§ **Exercise instructions**: Return the listing below exactly, with the pictures dropped.
◇ ◇ ◇ ◇ ◇
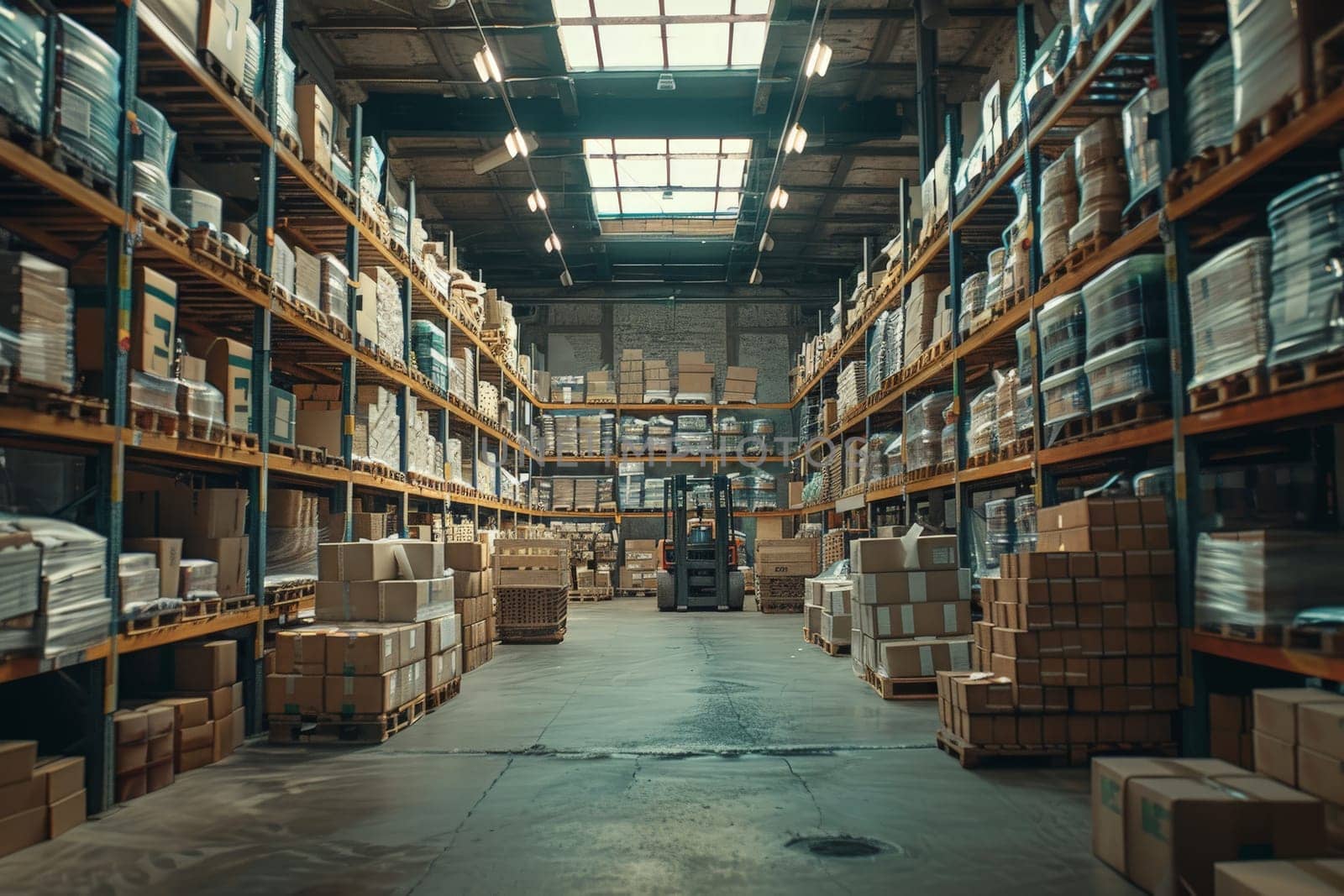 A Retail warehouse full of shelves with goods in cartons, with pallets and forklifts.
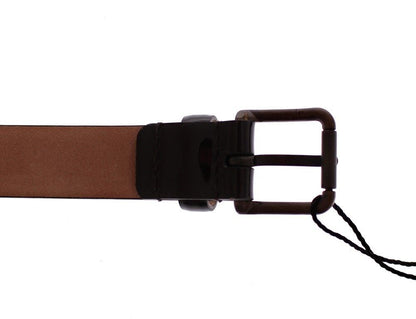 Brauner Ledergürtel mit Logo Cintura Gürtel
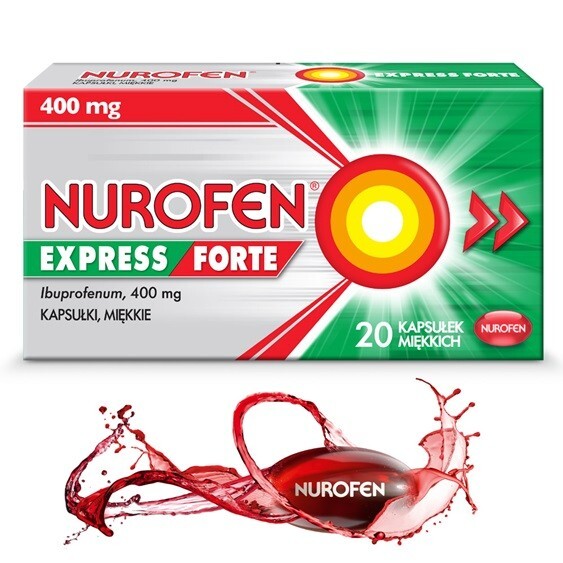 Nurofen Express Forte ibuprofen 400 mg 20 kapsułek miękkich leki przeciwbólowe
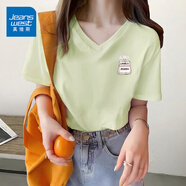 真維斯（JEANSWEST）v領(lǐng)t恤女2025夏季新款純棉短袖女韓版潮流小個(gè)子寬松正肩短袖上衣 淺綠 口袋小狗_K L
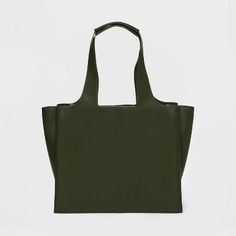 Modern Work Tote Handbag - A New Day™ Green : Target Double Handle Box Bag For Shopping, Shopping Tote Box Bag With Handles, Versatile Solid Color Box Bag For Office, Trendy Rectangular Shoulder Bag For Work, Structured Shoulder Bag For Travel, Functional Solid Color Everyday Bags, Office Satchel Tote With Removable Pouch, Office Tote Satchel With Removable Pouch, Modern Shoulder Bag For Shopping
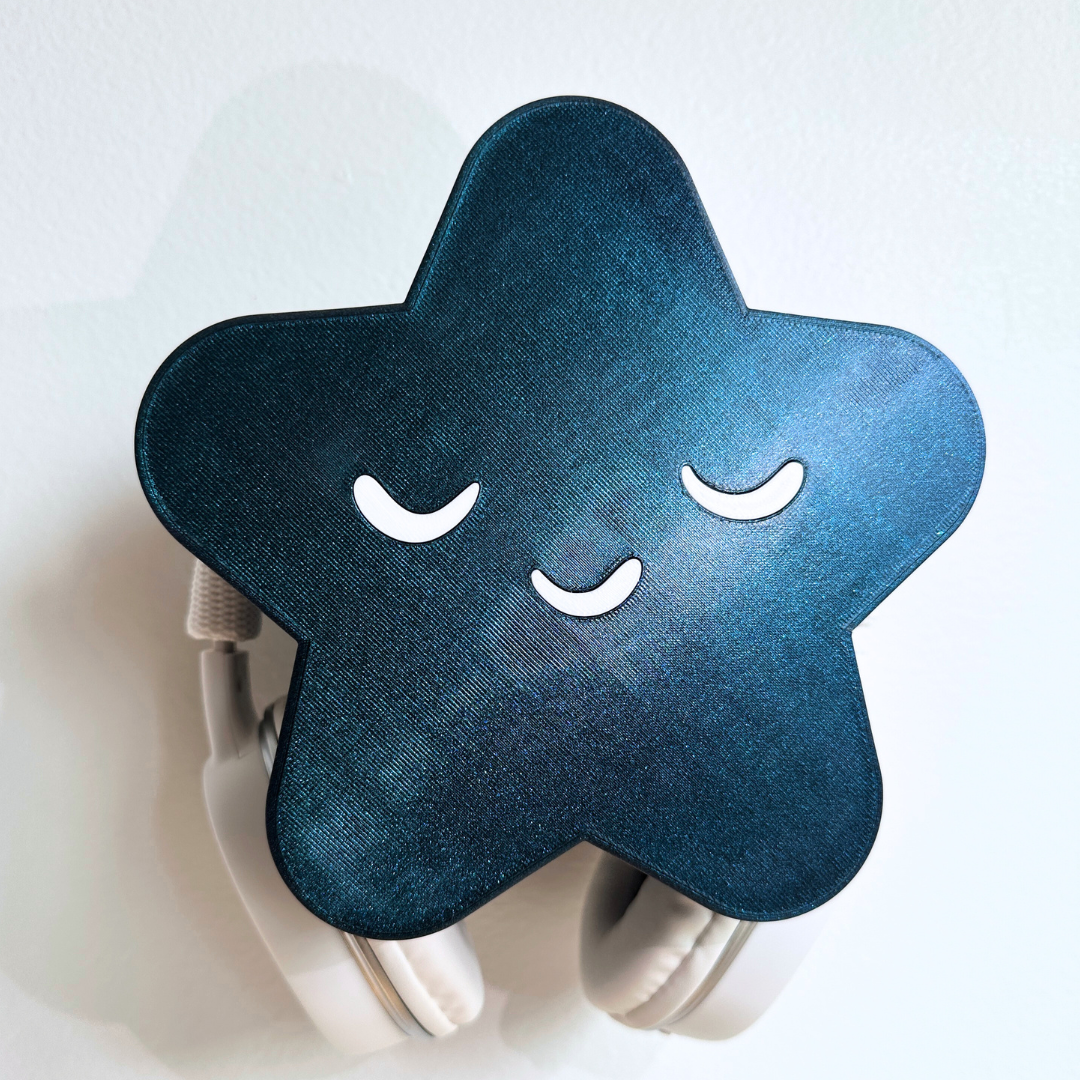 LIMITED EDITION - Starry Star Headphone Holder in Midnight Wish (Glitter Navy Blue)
◇ ◇ ◇ ◇ ◇
§ **Problem solution**:
 A Retail warehouse full of shelves with goods in cartons, with pallets and forklifts.
 Brauner Ledergürtel mit Logo Cintura Gürtel
 Nurofen Express Forte ibuprofen 400 mg 20 kapsułek miękkich leki przeciwbólowe
 真維斯（JEANSWEST）v領(lǐng)t恤女2025夏季新款純棉短袖女韓版潮流小個(gè)子寬松正肩短袖上衣 淺綠 口袋小狗_K L
 Modern Work Tote Handbag - A New Day™ Green : Target Double Handle Box Bag For Shopping, Shopping Tote Box Bag With Handles, Versatile Solid Color Box Bag For Office, Trendy Rectangular Shoulder Bag For Work, Structured Shoulder Bag For Travel, Functional Solid Color Everyday Bags, Office Satchel Tote With Removable Pouch, Office Tote Satchel With Removable Pouch, Modern Shoulder Bag For Shopping
 LIMITED EDITION - Starry Star Headphone Holder in Midnight Wish (Glitter Navy Blue)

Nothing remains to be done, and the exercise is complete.